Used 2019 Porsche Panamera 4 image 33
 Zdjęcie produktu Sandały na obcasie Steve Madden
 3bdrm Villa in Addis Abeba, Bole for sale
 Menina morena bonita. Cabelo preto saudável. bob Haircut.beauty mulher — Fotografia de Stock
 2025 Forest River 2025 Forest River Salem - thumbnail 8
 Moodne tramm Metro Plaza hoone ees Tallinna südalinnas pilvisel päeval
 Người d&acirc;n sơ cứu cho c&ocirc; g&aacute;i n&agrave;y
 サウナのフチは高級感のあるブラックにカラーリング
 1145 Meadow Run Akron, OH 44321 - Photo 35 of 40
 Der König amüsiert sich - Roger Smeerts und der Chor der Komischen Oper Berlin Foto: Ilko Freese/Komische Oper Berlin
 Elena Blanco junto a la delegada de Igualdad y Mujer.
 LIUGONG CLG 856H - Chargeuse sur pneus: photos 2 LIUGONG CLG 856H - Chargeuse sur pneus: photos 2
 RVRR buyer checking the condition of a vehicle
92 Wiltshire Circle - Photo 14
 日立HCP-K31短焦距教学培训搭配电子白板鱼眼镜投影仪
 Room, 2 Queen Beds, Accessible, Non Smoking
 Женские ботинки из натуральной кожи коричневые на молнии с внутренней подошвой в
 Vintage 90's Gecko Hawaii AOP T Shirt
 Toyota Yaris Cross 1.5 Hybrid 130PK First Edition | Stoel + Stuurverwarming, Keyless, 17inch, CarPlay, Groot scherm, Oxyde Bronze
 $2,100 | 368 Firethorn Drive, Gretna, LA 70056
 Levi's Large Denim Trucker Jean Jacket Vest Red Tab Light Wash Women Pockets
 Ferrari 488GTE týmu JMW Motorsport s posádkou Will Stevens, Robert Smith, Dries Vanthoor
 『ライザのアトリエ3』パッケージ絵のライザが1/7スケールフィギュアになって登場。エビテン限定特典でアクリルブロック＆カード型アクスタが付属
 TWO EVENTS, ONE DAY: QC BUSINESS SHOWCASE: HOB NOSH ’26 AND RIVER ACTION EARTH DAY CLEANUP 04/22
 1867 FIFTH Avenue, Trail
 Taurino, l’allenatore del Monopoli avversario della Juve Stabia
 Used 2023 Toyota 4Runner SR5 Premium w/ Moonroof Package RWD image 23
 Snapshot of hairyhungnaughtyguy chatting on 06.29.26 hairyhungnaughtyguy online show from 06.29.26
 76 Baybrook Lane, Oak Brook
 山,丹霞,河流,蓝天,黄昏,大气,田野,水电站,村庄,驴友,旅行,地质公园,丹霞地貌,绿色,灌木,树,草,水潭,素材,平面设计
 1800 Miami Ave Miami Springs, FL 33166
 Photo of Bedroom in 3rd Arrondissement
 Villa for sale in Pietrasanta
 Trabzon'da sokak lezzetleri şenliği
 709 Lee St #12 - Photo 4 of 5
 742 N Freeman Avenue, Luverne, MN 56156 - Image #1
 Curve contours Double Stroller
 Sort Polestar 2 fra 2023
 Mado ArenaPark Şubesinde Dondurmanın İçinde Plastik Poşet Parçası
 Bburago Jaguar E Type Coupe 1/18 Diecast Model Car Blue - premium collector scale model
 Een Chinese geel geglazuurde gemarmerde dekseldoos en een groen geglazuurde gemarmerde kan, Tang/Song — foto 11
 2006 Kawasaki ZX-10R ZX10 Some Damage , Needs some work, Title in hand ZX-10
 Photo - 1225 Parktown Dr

AIM OF THE TASK: Look through the entries above and quote exactly the lines from the line with "Gretna, LA 70056" to the line with "2006 Kawasaki ZX-10R", counting both of those lines.

SOLUTION TO THIS PROBLEM:
 $2,100 | 368 Firethorn Drive, Gretna, LA 70056
 Levi's Large Denim Trucker Jean Jacket Vest Red Tab Light Wash Women Pockets
 Ferrari 488GTE týmu JMW Motorsport s posádkou Will Stevens, Robert Smith, Dries Vanthoor
 『ライザのアトリエ3』パッケージ絵のライザが1/7スケールフィギュアになって登場。エビテン限定特典でアクリルブロック＆カード型アクスタが付属
 TWO EVENTS, ONE DAY: QC BUSINESS SHOWCASE: HOB NOSH ’26 AND RIVER ACTION EARTH DAY CLEANUP 04/22
 1867 FIFTH Avenue, Trail
 Taurino, l’allenatore del Monopoli avversario della Juve Stabia
 Used 2023 Toyota 4Runner SR5 Premium w/ Moonroof Package RWD image 23
 Snapshot of hairyhungnaughtyguy chatting on 06.29.26 hairyhungnaughtyguy online show from 06.29.26
 76 Baybrook Lane, Oak Brook
 山,丹霞,河流,蓝天,黄昏,大气,田野,水电站,村庄,驴友,旅行,地质公园,丹霞地貌,绿色,灌木,树,草,水潭,素材,平面设计
 1800 Miami Ave Miami Springs, FL 33166
 Photo of Bedroom in 3rd Arrondissement
 Villa for sale in Pietrasanta
 Trabzon'da sokak lezzetleri şenliği
 709 Lee St #12 - Photo 4 of 5
 742 N Freeman Avenue, Luverne, MN 56156 - Image #1
 Curve contours Double Stroller
 Sort Polestar 2 fra 2023
 Mado ArenaPark Şubesinde Dondurmanın İçinde Plastik Poşet Parçası
 Bburago Jaguar E Type Coupe 1/18 Diecast Model Car Blue - premium collector scale model
 Een Chinese geel geglazuurde gemarmerde dekseldoos en een groen geglazuurde gemarmerde kan, Tang/Song — foto 11
 2006 Kawasaki ZX-10R ZX10 Some Damage , Needs some work, Title in hand ZX-10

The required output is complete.